## [TASK TO CARRY OUT]
In the entries that follow, find the line containing "VIH en Algérie"; from there, copy every line exactly through the line containing "[CHUYÊN GIA KIỂM".

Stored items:

====

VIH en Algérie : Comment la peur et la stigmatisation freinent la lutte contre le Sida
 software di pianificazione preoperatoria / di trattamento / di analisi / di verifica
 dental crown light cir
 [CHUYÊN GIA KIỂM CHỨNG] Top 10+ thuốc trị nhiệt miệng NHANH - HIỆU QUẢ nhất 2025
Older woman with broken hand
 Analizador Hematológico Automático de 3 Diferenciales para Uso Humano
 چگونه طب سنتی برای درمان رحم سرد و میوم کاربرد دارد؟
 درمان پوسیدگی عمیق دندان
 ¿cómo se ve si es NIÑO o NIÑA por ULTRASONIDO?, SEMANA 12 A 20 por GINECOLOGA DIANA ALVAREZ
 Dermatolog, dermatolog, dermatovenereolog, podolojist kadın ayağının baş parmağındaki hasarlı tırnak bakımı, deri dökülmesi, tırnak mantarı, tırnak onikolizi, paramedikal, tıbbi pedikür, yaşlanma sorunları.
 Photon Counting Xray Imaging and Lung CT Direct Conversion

====

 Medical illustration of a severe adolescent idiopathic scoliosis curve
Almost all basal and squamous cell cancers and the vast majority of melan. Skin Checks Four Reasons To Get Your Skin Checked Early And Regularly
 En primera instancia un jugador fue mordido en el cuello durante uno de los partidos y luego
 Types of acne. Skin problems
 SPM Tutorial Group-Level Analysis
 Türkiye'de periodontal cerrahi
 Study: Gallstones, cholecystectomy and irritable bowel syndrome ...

====

## [EXPECTED ANSWER]
VIH en Algérie : Comment la peur et la stigmatisation freinent la lutte contre le Sida
 software di pianificazione preoperatoria / di trattamento / di analisi / di verifica
 dental crown light cir
 [CHUYÊN GIA KIỂM CHỨNG] Top 10+ thuốc trị nhiệt miệng NHANH - HIỆU QUẢ nhất 2025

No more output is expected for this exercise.